Michael Utley: Yeah. Yeah. So what platform you use is pretty important. And we talked about this in kind of our show prep. This is kind of an area that I think is really exploding in popularity right now in the B2B space. I don't know so much about B2C, but I know that in B2B personal cold emails, highly personalized, thoughtful, well crafted.
Chris Raines: I get 10 or 12 of them a week.
Michael Utley: Yeah. It's exploding. There are a lot of platforms. So I think there's going to be a lot of consolidation in that space. So we gave a few names here, but there are actually tons of other ones, and there are ones that we were talking about a year ago that are not even out there anymore.
Chris Raines: Sure.
Michael Utley: And so yeah, there's going to be a lot of consolidation in this space. HubSpot of course is a bigger kind of animal.
Chris Raines: They're the elephant.
Michael Utley: So it'll be around for a while. And Hunter.io you mentioned. SmartReach, Woodpecker. Those are some that are maybe a little more staying power. But I would say be careful, look. If you get into one of these platforms, do a lot of set-up, don't be surprised if they go away in six months or a year. Not those that I mentioned, but a lot of the other ones.
Chris Raines: Yeah.
Michael Utley: So next up, what are the risks of doing personalized cold email?
Chris Raines: We just talked about one, your domain.
Michael Utley: Yeah. We talked about one big one, the domain. If you're sending and you're not thoughtful in how you structure your content, your appeal, you're going to find that this is more going to do more damage to you than good.
Michael Utley: A really good cold email is going to be a sequence of, I think, three to five emails. A lot of people will say five to 10. And I think sometimes that can be too many if you're targeting really well. Five to 10 is when you haven't targeted well, and you just want to make sure you kind of catch everybody you can.
Michael Utley: But yeah, I think if you're targeting really well, you really want to have as close to a good initial encounter as possible with the right offer, the right messaging. It could be that you're offering a free assessment to someone. It could be that you're saying, Hey, you and I know, or you and I are both working on the same problem. Here's what that problem is. I'm looking to get 30 minutes of your schedule. It has to be something that's, this is a weird word, but intimate. Using someone's name in the way you address them is fine.
Michael Utley: But be careful. Because GoEpps it uses my middle name, Epps. On my LinkedIn profile I am Michael Epps as my first name. I did that just to tuck my middle name in there in the full name. Well, anytime I get LinkedIn prospecting it's Hey, Michael Epps, like it's my first name. So clean your data. Read it. Think about it. If someone uses, for example, all lowercase in their name on a platform or a list, and you've stuck that in and you don't clean it up, they can tell right where you came from and it's very offputting.
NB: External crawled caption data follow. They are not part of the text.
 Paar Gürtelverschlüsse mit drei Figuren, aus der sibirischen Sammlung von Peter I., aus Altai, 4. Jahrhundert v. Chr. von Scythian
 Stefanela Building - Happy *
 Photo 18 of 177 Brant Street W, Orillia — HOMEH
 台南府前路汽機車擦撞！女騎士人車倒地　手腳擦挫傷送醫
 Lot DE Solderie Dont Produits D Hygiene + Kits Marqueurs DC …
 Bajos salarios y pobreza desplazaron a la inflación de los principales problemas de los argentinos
Michael Utley: Another thing is how you frame up. And we talked about this in our pre-show, but how you frame up the ability to opt out. I would really avoid in a cold email series, giving people the ability to unsubscribe. They didn't subscribe to anything. Marketing's about establishing trust. And if you're doing cold contact with somebody, that's the hardest thing for establishing trust. You want to think about every pixel in that email. You don't want something that makes them think they subscribed or they think you think you can make them be a subscriber. That's gaslighting.
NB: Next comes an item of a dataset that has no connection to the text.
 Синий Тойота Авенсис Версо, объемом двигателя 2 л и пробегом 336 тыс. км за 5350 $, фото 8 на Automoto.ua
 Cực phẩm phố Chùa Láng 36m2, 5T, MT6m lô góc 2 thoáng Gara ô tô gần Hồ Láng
Michael Utley: So the language that you use, you do have to include the ability to opt out of future contacts. So I would make it natural language. I would say, "Hey, John, if you don't want to hear from me on this, just give me a heads up, hit this button. And I won't bother you anymore." That kind of natural language, I think works really well.
Chris Raines: That's admitting to them, hey, I got your list from somebody else. I know I wasn't invited. So if you don't want me in your house, like, dude, just show me the door. No worries. It's your house. Like that's kind of what-
Michael Utley: Yeah. I think when big corporate entities are too scripted and too fake, and use too many hand gestures and have a robot delivery, it comes off as very sort of forced. Well, you can do that in email too. If you go too far with, "Hey John, I was just spending time on your website. I fell in love with your story about whatever." You've got to be really good at making that kind of connection with somebody.
Michael Utley: I lean in the direction of the more personal, the more thoughtful, but also the more direct and authentic and real the better. So I would lean toward fewer emails rather than more emails, and each one of them being well-crafted. And wherever you can tuck in a real personal connection, both of you knowing the same person, having a mutual shared interest in something that you know that person's passionate about. Not in a way that's sort of pandering, but in a way that's really authentic and holds up to what they can know about you, then that's a good way to go.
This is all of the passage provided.